How The Handmaid's Tale Warns Us About Exclusionary Feminism

by Brooke Blackman

Season 2 of The Handmaid’s Tale created a rift in its fanbase. Serena Joy, one of the show’s main characters, undergoes a character development that has inflamed a debate among viewers around whether or not they should feel compassion for her. Her faith in Gilead, the patriarchal, oppressive country she helped create, wavers slowly throughout the beginning of the season and is ultimately destroyed when she must let go of the baby she has always wanted. She slowly realizes how she inhibited herself by conceiving and creating Gilead’s regime. She has essentially built her own cage and stripped herself of any power or autonomy that she might have had. Serena created a society that’s practically unsurvivable for women.
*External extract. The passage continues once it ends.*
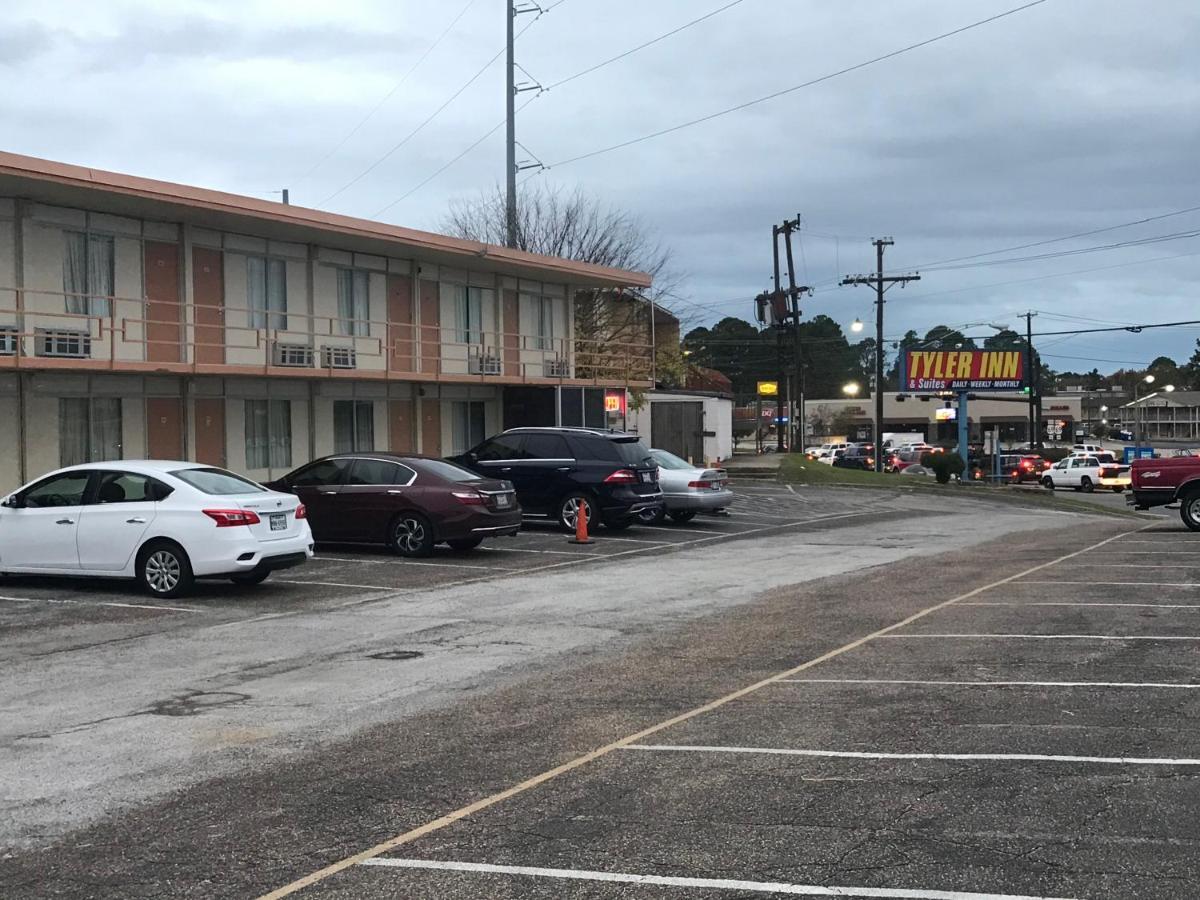 Tyler Inn & Suites Exterior foto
Serena Joy is the mastermind behind Gilead’s oppression of women. She dedicates a large portion of her life advocating for restrictions of women’s rights. She writes a book, A Woman’s Place, promoting an ideology in which women only work as housewives and mothers. She claims that her intentions are to save America from the fertility crisis that takes place in the world of The Handmaid’s Tale. But this is really just a guise—Serena’s sole motivation is power. She knows by suggesting this to her ultra-reactionary husband, who is the leader of a political movement which eventually becomes the government of Gilead, she can appeal to him. She hopes that by advocating for the subjugation of some women, she can come out on top.
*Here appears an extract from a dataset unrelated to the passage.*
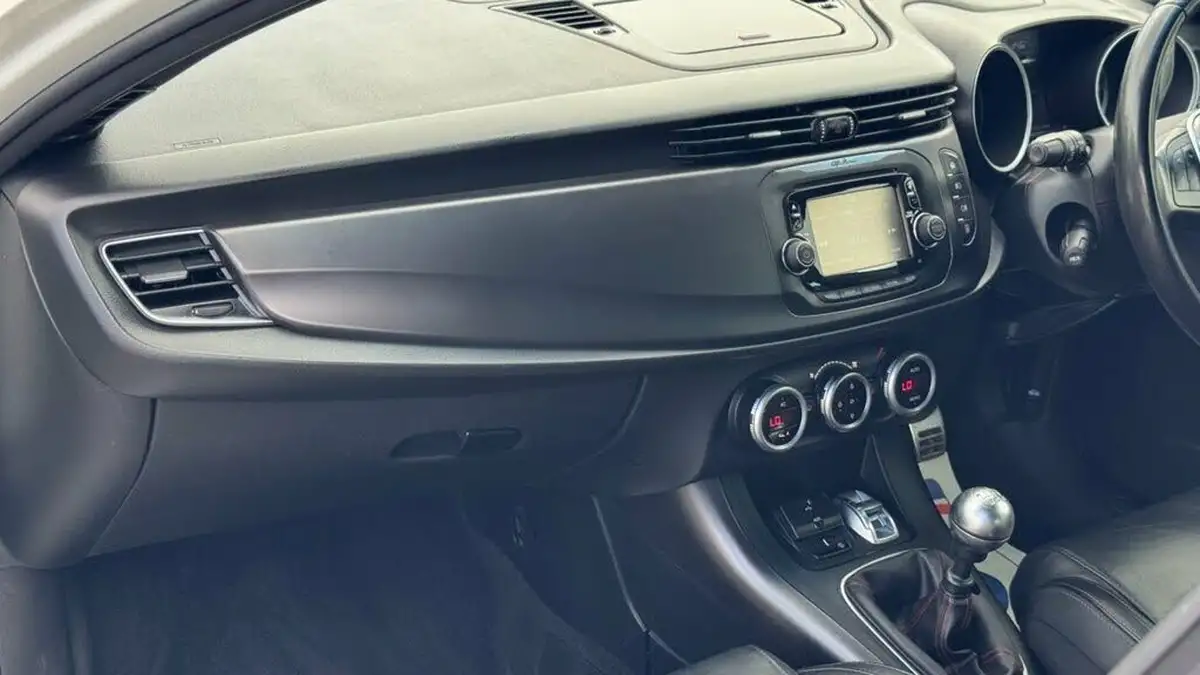 2014-alfa-romeo-giulietta-14-exclusive-big-37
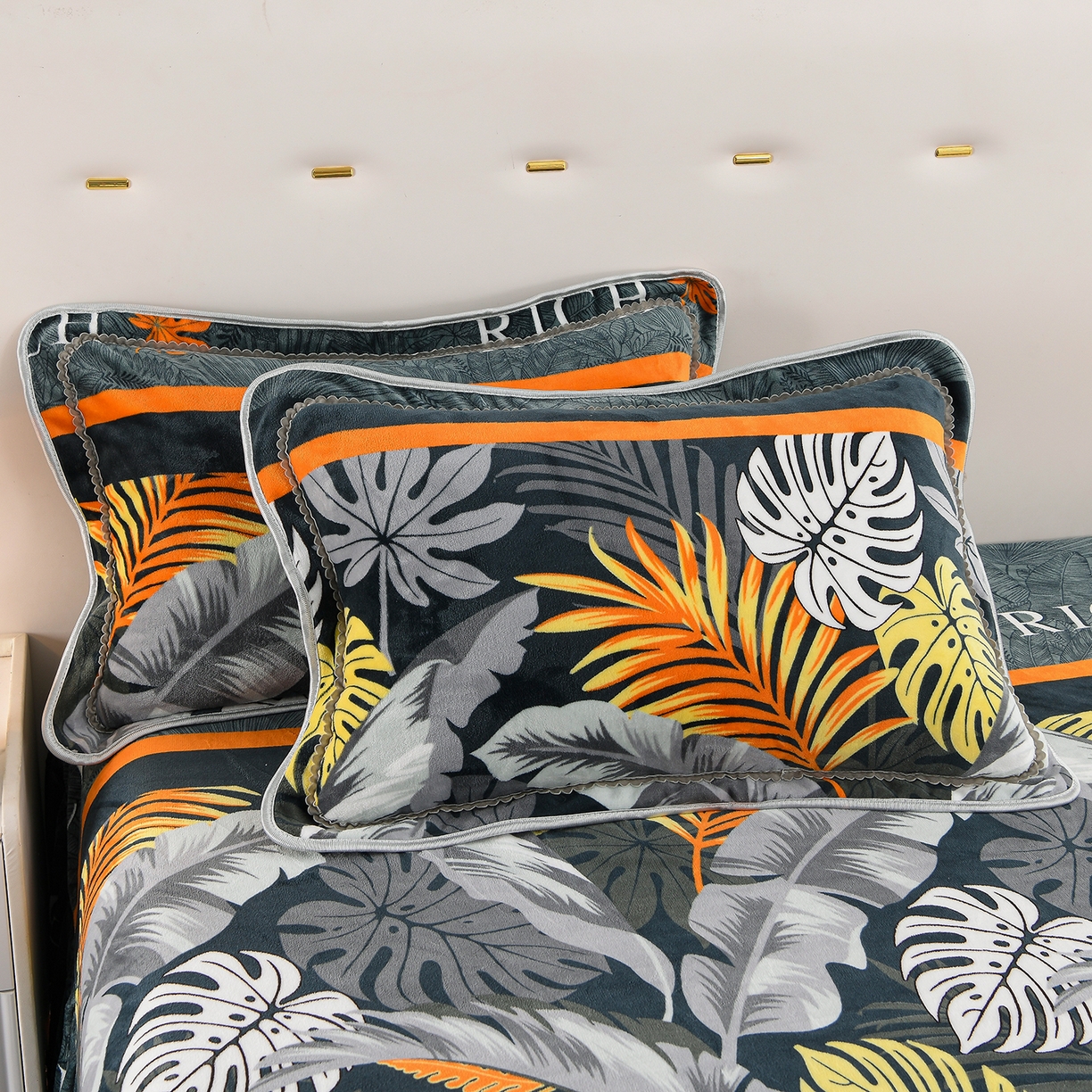 91家纺网 家纺一手货源 找家纺 贝诗梦 2025新款牛奶绒金貂绒法莱绒单被套 长安富贵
Gilead functions through the subjugation of women. They are separated into different classes: wives, Marthas, and Handmaids. Handmaidens are criminals of Gilead, and being a handmaid for six years is part of their punishment. As Gilead is an evangelical society with laws based on the Bible (especially the Old Testament), the so-called crimes of the handmaidens include divorce, lesbianism, abortion, and so on. This is all through Serena’s design.
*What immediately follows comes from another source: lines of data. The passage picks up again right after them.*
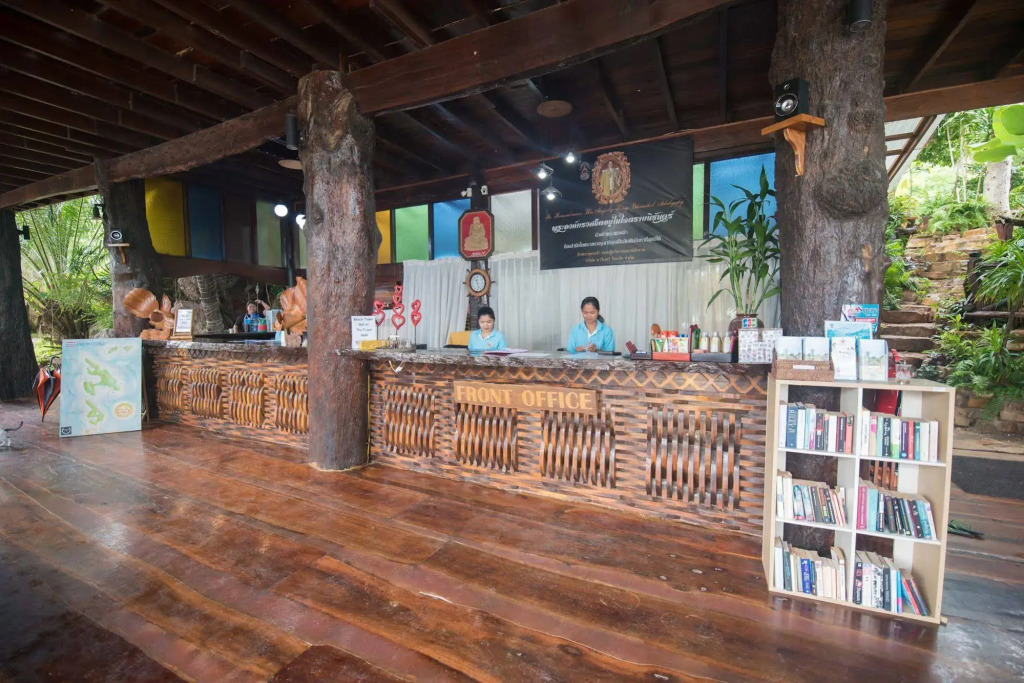 Отель Phi Phi The Beach Resort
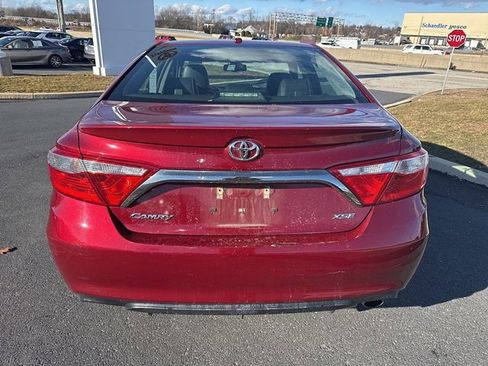 Used 2015 Toyota Camry XSE image 6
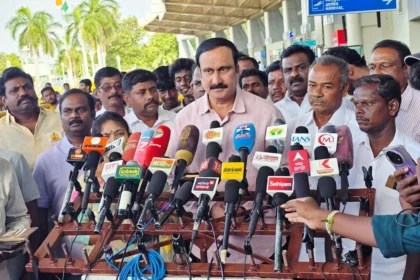 பாமக தலைவர் அன்புமணி ராமதாஸ் செய்தியாளர்களிடம் பேசுகிறார்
But Serena’s plan to top the hierarchy of her new social order does not come to fruition. Serena’s plan fails her, resulting in a society in which women in Gilead are inherently ranked below man—because exclusionary feminism divides women where we need to be united.

Feminism does not exist as a universal movement. Within feminism, there are many diverging branches and conflicting ideologies. It is not a monolith—one feminist does not hold the same ideals as every other feminist. This isn’t necessarily a bad thing. However, there are some branches of feminism which are flagrantly exclusionary.

These exclusionary outgrowths are often found in historical movements, but some exist up to the present. In America, the suffragettes are heralded as the first mainstream feminist movement. It’s assumed that they secured women the right to vote, which they did—just not for all women.

The suffragettes consistently excluded women of color from their movement. Many were very segregationist, especially after the 15th Amendment was passed, extending the right to vote to black men. Susan B. Anthony and Elizabeth Stanton, in their paper “An Aristocracy of Sex,” denounced the enfranchisement of black men, as they felt it degrading that black men received voting rights before white women. In 1913, organizers of a suffragette march in Washington demanded that black suffragettes march in an all-black delegation at the back of the parade.

As a result of the movement’s racially exclusionary nature, Native American women couldn’t gain the right to vote until 1924, while Chinese immigrant women couldn’t vote until 1943. Although black women were legally enabled to vote in 1920, they faced the same disenfranchisement that black men faced. They had to deal with the Poll Tax, the grandfather clause, literacy tests, as well as aggression and threats from white supremacists in their area if they attempted to vote. It wasn’t until 1965 that voting rights for black women were truly secured.

The first-wave white feminists of America didn’t prioritize securing the vote for all women. The voices of women who are not white and middle class were blatantly excluded from their movement. Some argue that even today, the mainstream topics of feminism are mostly those that concern heterosexual, middle class, white women. Sometimes, exclusionary feminists are passive about intersectionality. They simply fail to address intersectional subjects at all. In other instances, they are outright hostile towards intersectionality: TERFs (trans-exclusionary radical feminists), for example, spread transphobia and refuse to accept trans-women and their struggles into the movement.

The government of Gilead does everything possible to keep women subjugated and separate from each other. Fred Waterford, the leading antagonist, is visibly threatened when he returns home and realizes that his wife and his handmaid have been working together in his absence. He knows that if Serena learns to see June as her equal, she might start to fight against the subjugation of women in Gilead.

In the days of white feminism and the thousands of other exclusionary ideologies that plague our society, it’s crucial that we take this message from The Handmaid’s Tale to heart. We need to reflect on our own personal versions of feminism, asking ourselves how our race, class, and sexuality affect our perspectives. It’s imperative that we discuss our feminism with women who share different views. There’s always something to be learned, from ourselves and from each other. All feminists, no matter their privilege, need to open themselves up as allies to women of every identity.